-- GIVEN DATA follows --
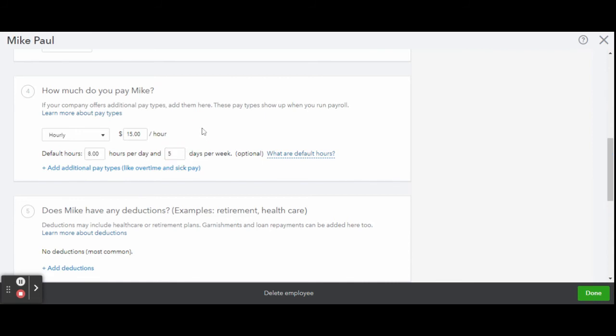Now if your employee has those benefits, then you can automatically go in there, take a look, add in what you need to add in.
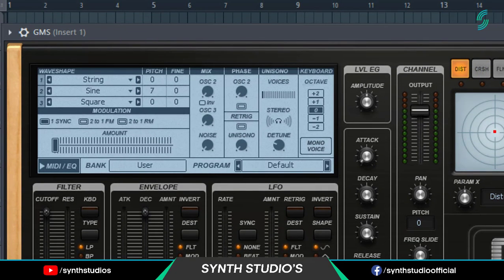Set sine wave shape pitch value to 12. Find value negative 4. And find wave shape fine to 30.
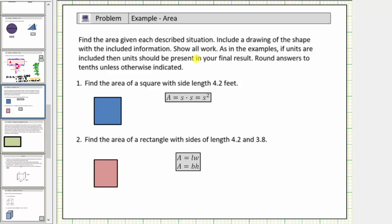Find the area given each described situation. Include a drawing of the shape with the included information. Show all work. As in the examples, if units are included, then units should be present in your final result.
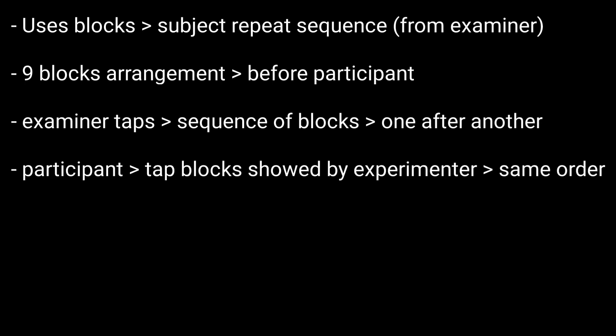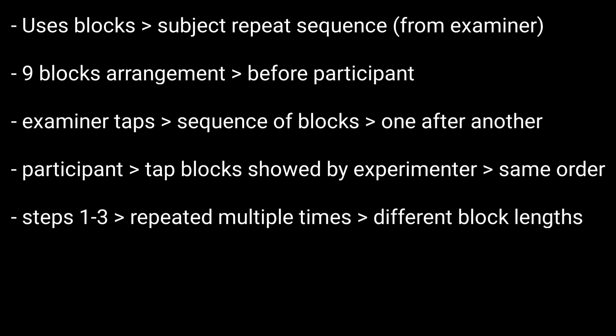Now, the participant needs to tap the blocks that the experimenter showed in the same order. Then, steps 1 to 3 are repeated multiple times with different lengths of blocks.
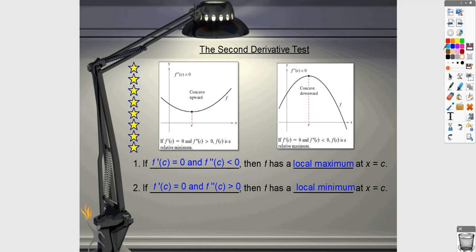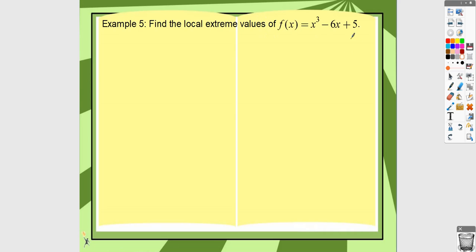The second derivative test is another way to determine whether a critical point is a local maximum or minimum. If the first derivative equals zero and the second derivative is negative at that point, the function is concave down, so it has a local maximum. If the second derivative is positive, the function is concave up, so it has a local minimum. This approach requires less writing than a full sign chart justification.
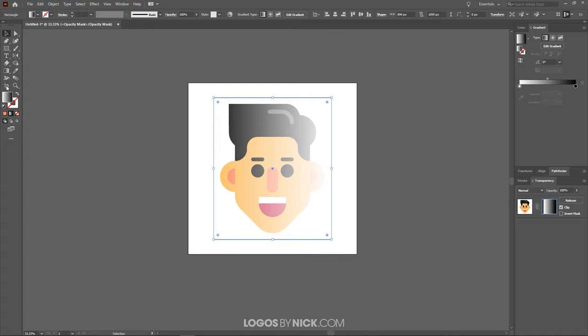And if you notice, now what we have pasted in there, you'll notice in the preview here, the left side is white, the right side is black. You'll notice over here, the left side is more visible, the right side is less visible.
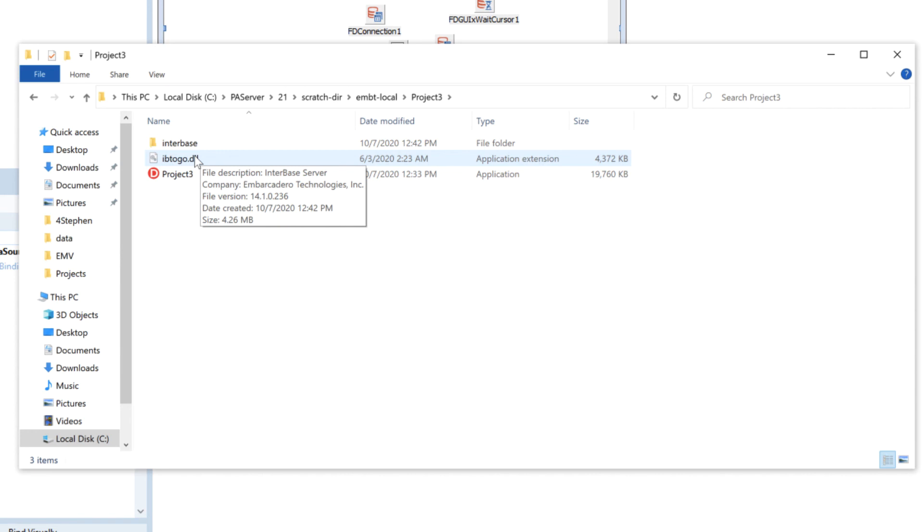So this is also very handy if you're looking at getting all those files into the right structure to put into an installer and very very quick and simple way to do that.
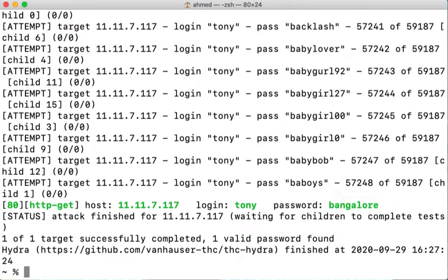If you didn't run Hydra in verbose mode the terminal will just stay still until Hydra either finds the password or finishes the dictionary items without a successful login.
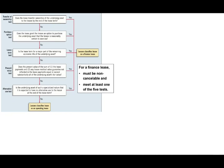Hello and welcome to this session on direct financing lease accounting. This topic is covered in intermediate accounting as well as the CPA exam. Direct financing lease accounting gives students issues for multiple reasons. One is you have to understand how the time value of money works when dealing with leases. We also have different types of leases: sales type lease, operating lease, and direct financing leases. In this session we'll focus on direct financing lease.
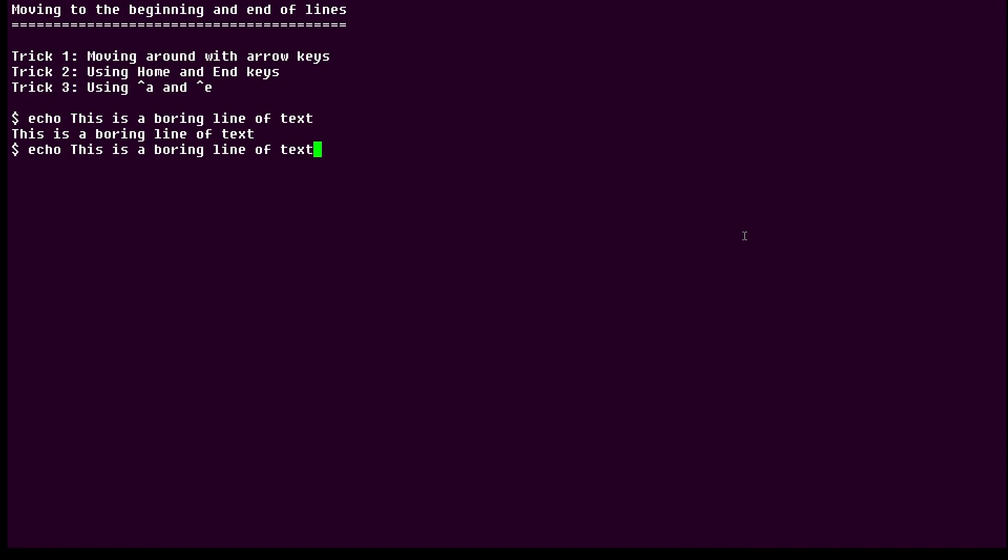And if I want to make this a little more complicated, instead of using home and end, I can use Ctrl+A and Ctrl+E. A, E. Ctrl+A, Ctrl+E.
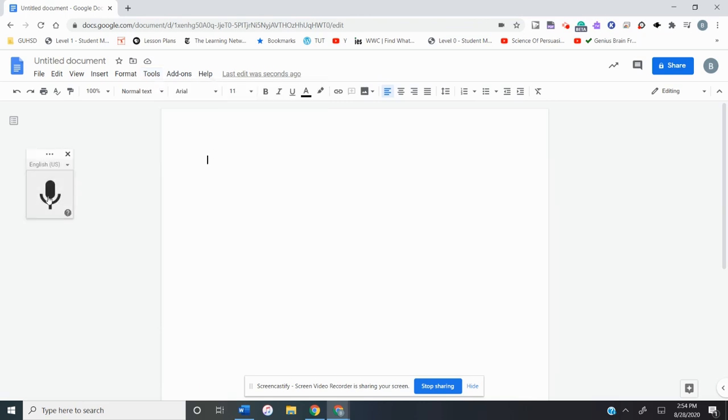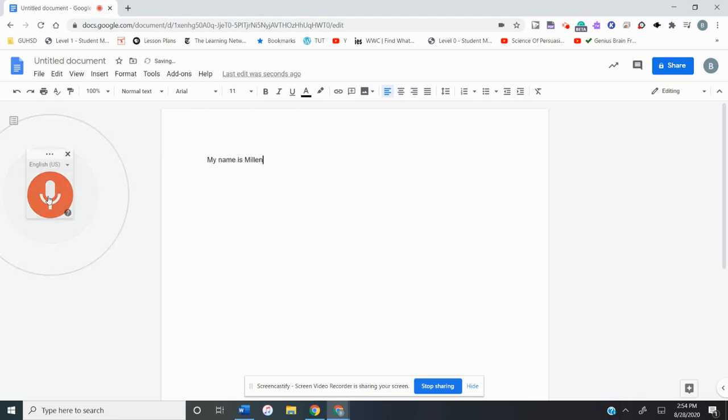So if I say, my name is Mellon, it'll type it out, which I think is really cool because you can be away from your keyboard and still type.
-- GIVEN DATA concluded --
#### [PROBLEM REQUIREMENTS]
Pictures stay out; reproduce exactly the lines from the one containing "If you didn't" through the last line of the listing, both included.

#### [OUTPUT FOR THIS TASK]
If you didn't run Hydra in verbose mode the terminal will just stay still until Hydra either finds the password or finishes the dictionary items without a successful login.
Hello and welcome to this session on direct financing lease accounting. This topic is covered in intermediate accounting as well as the CPA exam. Direct financing lease accounting gives students issues for multiple reasons. One is you have to understand how the time value of money works when dealing with leases. We also have different types of leases: sales type lease, operating lease, and direct financing leases. In this session we'll focus on direct financing lease.
And if I want to make this a little more complicated, instead of using home and end, I can use Ctrl+A and Ctrl+E. A, E. Ctrl+A, Ctrl+E.
So if I say, my name is Mellon, it'll type it out, which I think is really cool because you can be away from your keyboard and still type.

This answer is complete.